━━ DATA RECORDS

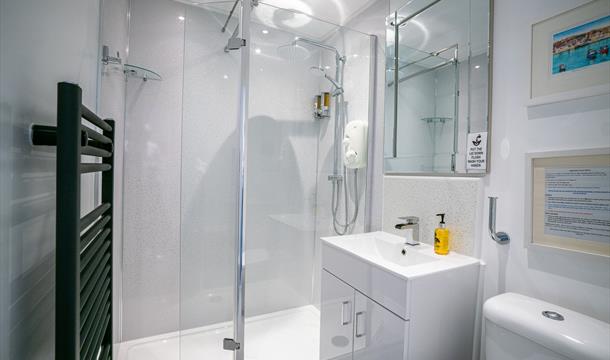 Room 6 Bathroom, ensuite bathroom with low profile walk-in shower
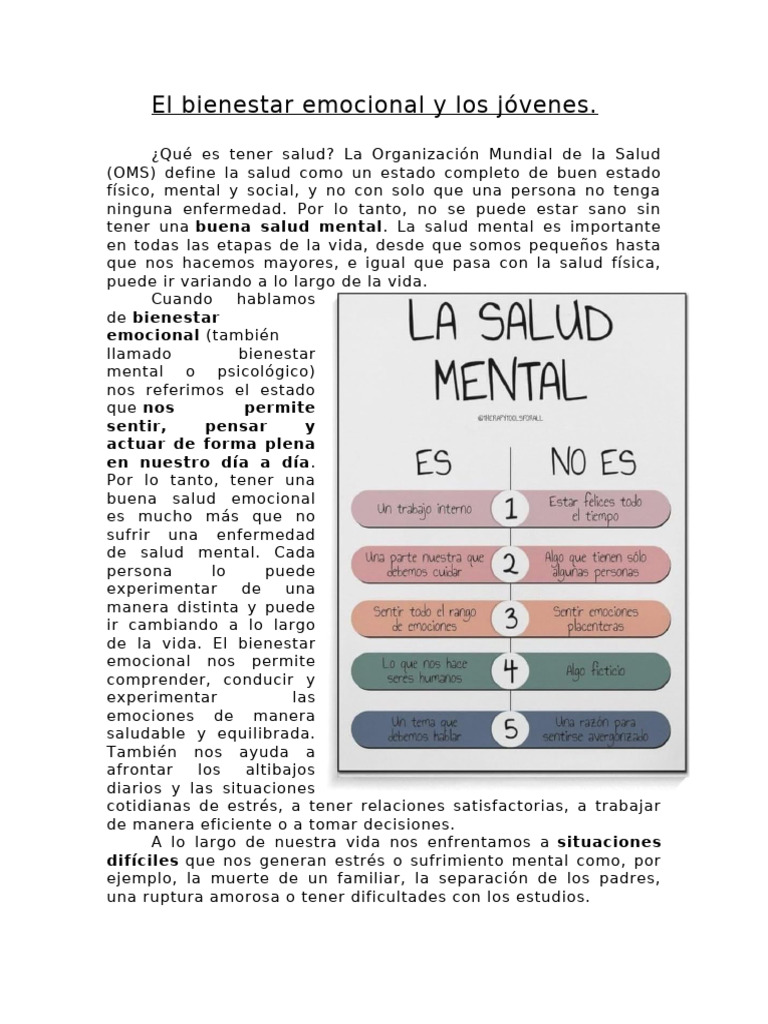 Bienestar emocional en jóvenes hoy | PDF | Salud mental | Las emociones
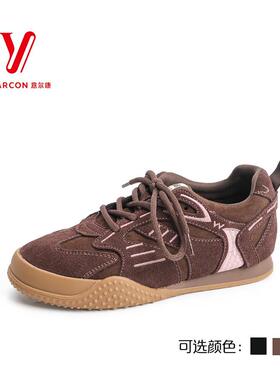 意尔康女鞋2025春新款休闲系带德训鞋复古阿甘运动鞋5181ZD49228Y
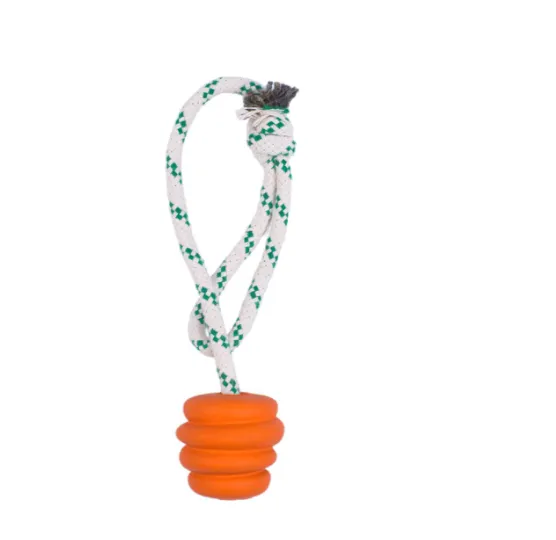 GS Natural Rubber Ball Rope Toy - Orange (S)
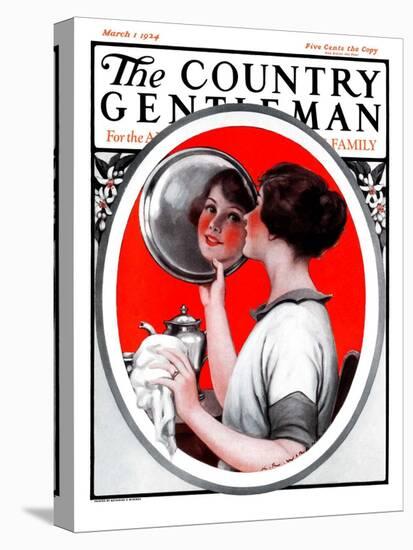 "Woman Reflected in Silver Tray," Country Gentleman Cover, March 1, 1924-Katherine R. Wireman-Stretched Canvas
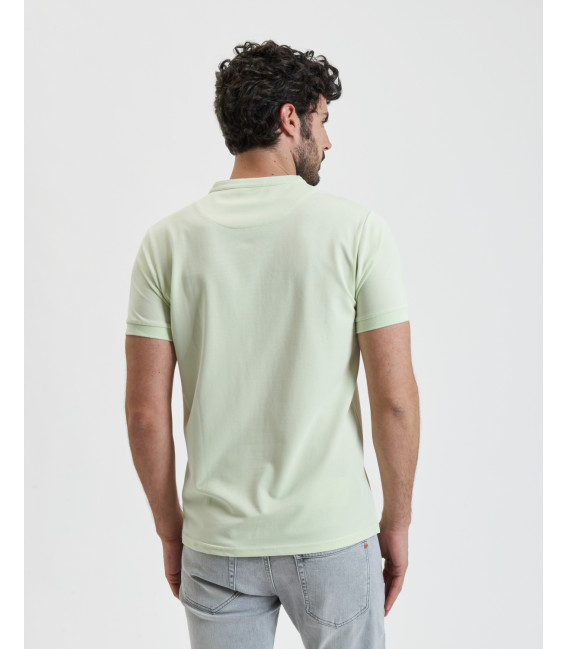 Mandarin collar polo shirt in piquet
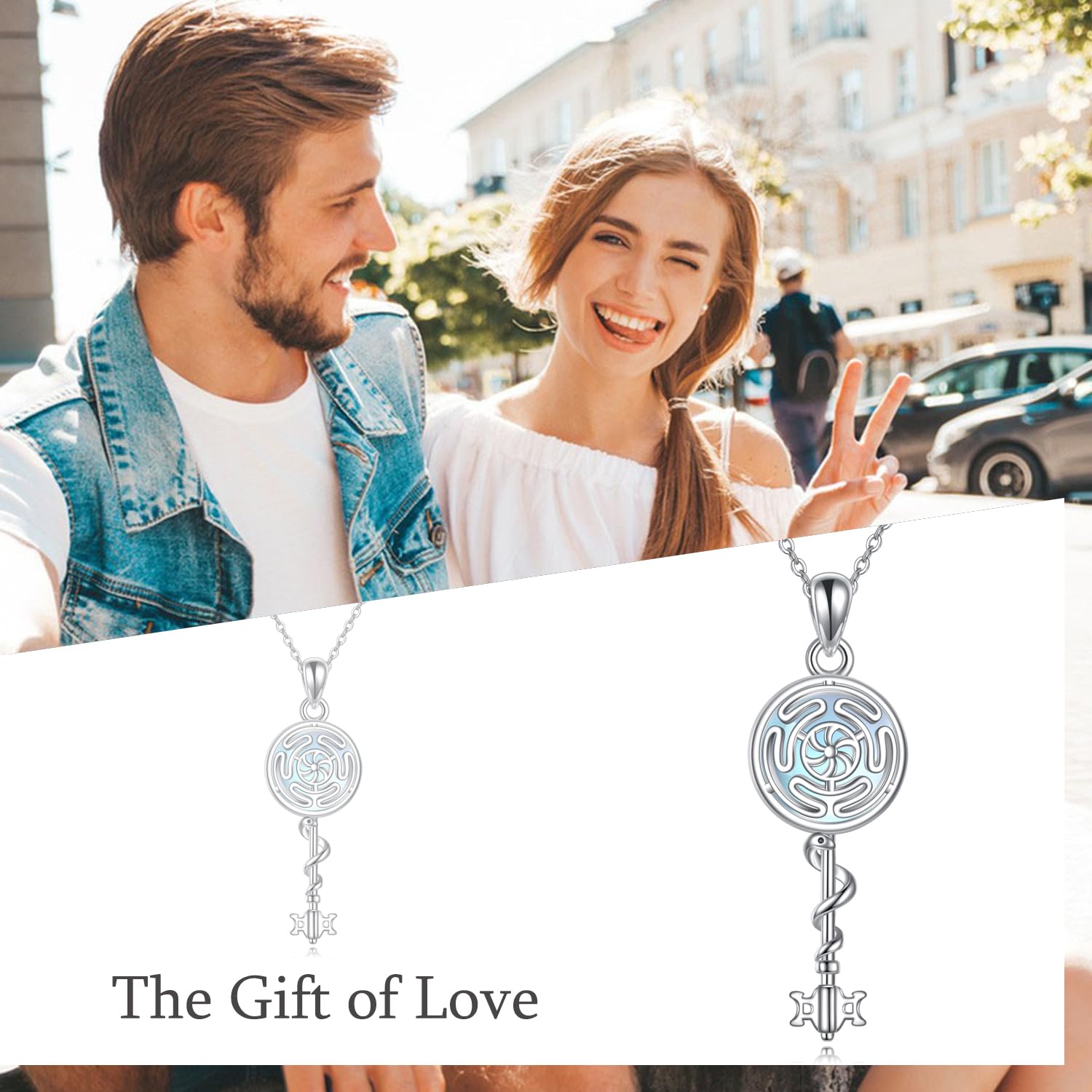ONEFINITY Hécate - Collar de plata de ley 925 con la rueda de la diosa de Hécate, collar pagano wicca, regalo para mujer, talla única, Plata esterlina, Piedra de luna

━━━━

▶ [WHAT THIS TASK INVOLVES]: Set down all records verbatim, omitting images.

▶ [WRITTEN ANSWER]:
 Room 6 Bathroom, ensuite bathroom with low profile walk-in shower
 Bienestar emocional en jóvenes hoy | PDF | Salud mental | Las emociones
 意尔康女鞋2025春新款休闲系带德训鞋复古阿甘运动鞋5181ZD49228Y
 GS Natural Rubber Ball Rope Toy - Orange (S)
 "Woman Reflected in Silver Tray," Country Gentleman Cover, March 1, 1924-Katherine R. Wireman-Stretched Canvas
 Mandarin collar polo shirt in piquet
ONEFINITY Hécate - Collar de plata de ley 925 con la rueda de la diosa de Hécate, collar pagano wicca, regalo para mujer, talla única, Plata esterlina, Piedra de luna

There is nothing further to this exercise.